IMG_2324I think making a beef wellington is something to revere as brilliantly ‘Delia territory’. It takes a good deal of effort and precision, so if you are ever served it remember to make the right noises to the chef, because those painstaking hours of work will be gone in mere moments of pleasure.

But the naked version this isn’t one of those dishes. Its a synch in comparison and it transports you into south central Europe in winter with its flavours. This all came about due to finding the most glorious fillet of beef and being totally undecided as to whether to make carpaccio of it or cook it whole. I just knew it had to be eaten well and I didn’t want pastry.

This dish is most likely to serve 4, as buying a fillet of beef for many more than that starts to make this a very expensive venture. But when you do choose your piece, make sure it a good barrel shape, with minimal marbling, preferably none at all.

Prep time 20 mins.

Serves 4

600g fillet beef
8-10 slices prosciutto
1 handful of dried porcini mushrooms
Knob of butter
2 garlic cloves finely chopped
3 handfuls of rosemary and thyme
Small glass (150ml) red wine (optional)
Cooking string/twine (not plastic or coloured, Bridget Jones)

Preheat the oven to 180C. Start by soaking the porcini in a bowl with 300ml boiled water. Next, finely chop the rosemary and thyme together on a chopping board, throwing a little salt and pepper in with them into a flat mound in the centre.

IMG_2323Take the fillet and roll it in the herb mixture so that it is entirely covered, ends included.
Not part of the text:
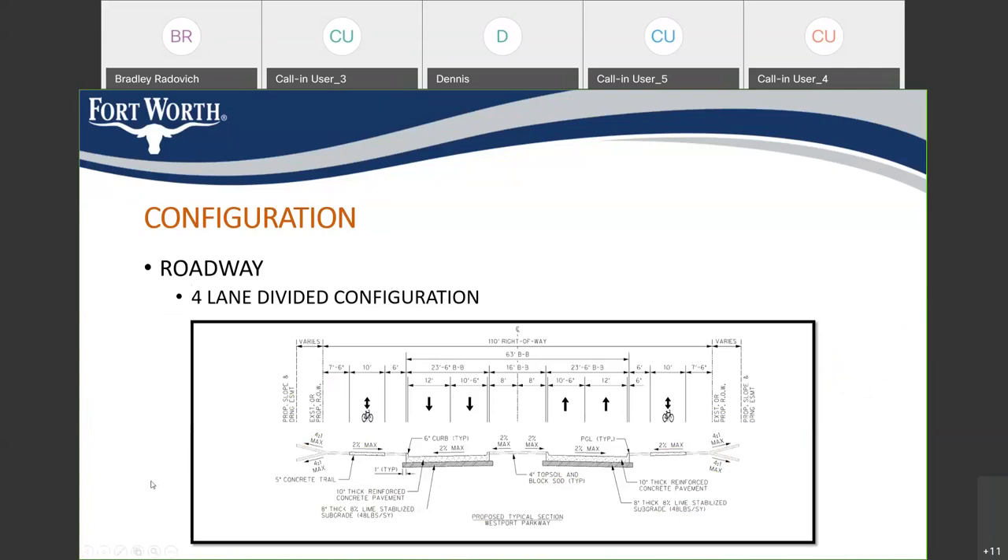Here's a cross-section of Westport Parkway. It's on a city right-of-way 110 feet wide. The roadway sections are each 23 feet 6 inches between the curbs, with outside lanes slightly wider where drainage structures are located so water drains to the outside. There are 10-foot-wide mixed-use trails for bikes, walkers, runners, and pedestrians on each side. The roadway is high-quality reinforced concrete on top of a stabilized subgrade — a construction method used for a long service life.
Add the knob of butter to a frying pan, with the garlic and add the soaked porcini on a medium heat for 1 minute, retaining the mushroom water aside. Then add half the water to the pan, simmer and reduce for 5 minutes.

Meanwhile, on a clean dry surface lay out 3 lengths of sting and 1 horizontal piece like so III, placing half of your prosciutto in lengths on top, slightly overlapping. When the mushrooms are cooked, spoon half of them onto the prosciutto. Place the herbed beef on top of the mushrooms and spoon the other half of the mushrooms on top of the beef. Layer the remaining prosciutto on the top, overlapping all the pieces so the beef is parcelled, and tie the string loosely to secure it together.

Place in the oven and cook for 20 minutes (rare), 30 minutes (medium) or 40 minutes (well done). I prefer 20 mins. Half way through add the red wine to the tray. Use these juices as a sauce (you can reduce for a richer taste whilst the beef sits for 10 mins). Serve in slices on wilted spinach, with greens or even mash potatoes.